A la suite de ces événements, les requérants – l’ONG et quatorze manifestants – ont déposé plainte, demandant l’ouverture d’une enquête pénale sur les attaques dont ils ont été victimes de la part des contre-manifestants ainsi que sur les actes et omissions des policiers. A ce jour, les enquêtes sont toujours pendantes.
Invoquant les articles 3 et 14 de la de la Convention européenne des droits de l’homme (Conv. EDH), les requérants ont saisi la Cour européenne au motif que les autorités locales ne les avaient pas protégés des violences commises par les contre-manifestants et n’avaient pas mené d’enquête effective sur les événements et notamment au sujet du mobile discriminatoire des attaques. Aux visas des articles 10, 11 et 14 de la Convention, ils affirment ne pas avoir pu tenir la manifestation en raison des agressions subies et de l’inaction des policiers.

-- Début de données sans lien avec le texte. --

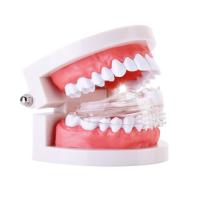 Aparelho Ortodôntico Invisível Materiais Dentários Estética Conveniente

Tout l’enjeu était de déterminer si les autorités devaient assurer la sécurité des manifestants. Pour répondre à cette question, la Cour a tout d’abord examiné le grief relatif à la passivité policière et le manque d’enquête effective et ensuite, le grief relatif à la tenue de leur manifestation.

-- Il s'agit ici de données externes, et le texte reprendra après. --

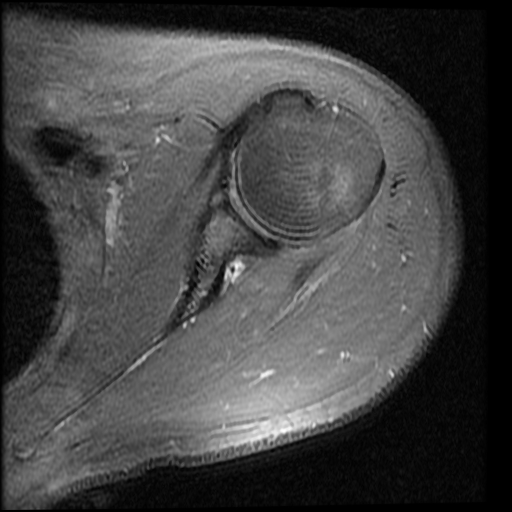 Bony Bankart lesion with Hill-Sachs | Image | Radiopaedia.org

Dans un premier temps, la Cour rappelle que les mauvais traitements doivent atteindre un certain niveau de sévérité pour tomber sous l’empire de l’article 3 de la Conv. EDH. Elle souligne également qu’il peut s’agir de mauvais traitements basé sur un préjugé lié à l’orientation sexuelle (§ 65. – CEDH, 27 sept. 1999, Smith et Grady c/ Royaume-Uni, n° 33985/96 et 33986/96, § 121). En l’espèce, issus de deux groupes religieux, les contre-manifestants ont proféré des slogans insultants à connotation homophobe et clamé des discours de haine avant d’encercler et d’agresser les manifestants. Les attitudes hostiles à l’égard des personnes lesbiennes, gays, bisexuelles et transgenres (LGBT) sont largement répandues en Géorgie comme l’indique notamment le rapport de septembre 2014 établie par le Commissaire aux droits de l’homme (§ 38). Partant, la Cour considère que les attaques subies par les manifestants avaient nécessairement un caractère discriminatoire et constituaient un facteur aggravant dans la commission d’une infraction. En outre, elle affirme que les violences avaient un caractère prévisible au vue du climat d’hostilité qui règne dans le pays à l’égard de la communauté LGBT. Ainsi, elle rappelle l’obligation qui incombe aux autorités de prendre toutes les mesures adéquates pour assurer la protection (§ 66) mais également leur obligation de mener une enquête effective afin notamment de découvrir d’éventuel motif discriminatoire (§ 67. – CEDH, gr. ch., 6 juill. 2005, Natchova et a.c/ Bulgarie, n° 43577/98 et 43579/98, § 160). La Cour conclut à la violation des articles 3 et 14 de la Convention (§ 80).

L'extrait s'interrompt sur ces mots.